What this task involves: How many lines of the records hold the string "Style"? Reply with the number alone.

Dataset records:
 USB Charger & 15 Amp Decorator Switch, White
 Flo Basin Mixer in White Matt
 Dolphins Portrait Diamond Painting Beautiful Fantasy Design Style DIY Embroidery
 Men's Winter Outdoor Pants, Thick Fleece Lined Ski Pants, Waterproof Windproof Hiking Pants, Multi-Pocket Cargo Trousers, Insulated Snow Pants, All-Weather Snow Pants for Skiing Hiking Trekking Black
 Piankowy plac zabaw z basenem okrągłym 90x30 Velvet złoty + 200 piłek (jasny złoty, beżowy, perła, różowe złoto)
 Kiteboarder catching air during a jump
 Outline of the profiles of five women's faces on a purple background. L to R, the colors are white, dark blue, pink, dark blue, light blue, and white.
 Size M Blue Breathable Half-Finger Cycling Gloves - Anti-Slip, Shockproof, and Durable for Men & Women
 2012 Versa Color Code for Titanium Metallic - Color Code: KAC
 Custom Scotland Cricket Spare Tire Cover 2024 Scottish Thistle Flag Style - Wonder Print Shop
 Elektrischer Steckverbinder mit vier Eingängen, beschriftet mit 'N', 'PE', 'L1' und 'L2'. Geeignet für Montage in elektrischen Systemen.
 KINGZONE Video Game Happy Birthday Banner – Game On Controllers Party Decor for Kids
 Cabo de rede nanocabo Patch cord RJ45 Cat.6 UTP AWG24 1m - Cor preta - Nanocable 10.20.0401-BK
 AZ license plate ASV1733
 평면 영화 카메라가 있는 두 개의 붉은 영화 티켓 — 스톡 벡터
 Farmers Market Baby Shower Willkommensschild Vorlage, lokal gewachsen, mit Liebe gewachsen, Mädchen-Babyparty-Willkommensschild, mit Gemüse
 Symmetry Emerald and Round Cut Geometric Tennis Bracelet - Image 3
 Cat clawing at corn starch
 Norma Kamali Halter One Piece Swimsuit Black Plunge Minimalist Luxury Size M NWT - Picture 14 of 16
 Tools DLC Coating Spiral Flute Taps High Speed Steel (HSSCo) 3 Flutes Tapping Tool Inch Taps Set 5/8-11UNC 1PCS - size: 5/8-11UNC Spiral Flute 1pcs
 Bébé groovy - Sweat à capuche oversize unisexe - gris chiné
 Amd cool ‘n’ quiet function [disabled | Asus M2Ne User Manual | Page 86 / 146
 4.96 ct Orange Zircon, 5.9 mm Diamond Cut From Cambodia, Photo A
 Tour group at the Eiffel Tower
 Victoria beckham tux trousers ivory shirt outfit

Output below: 2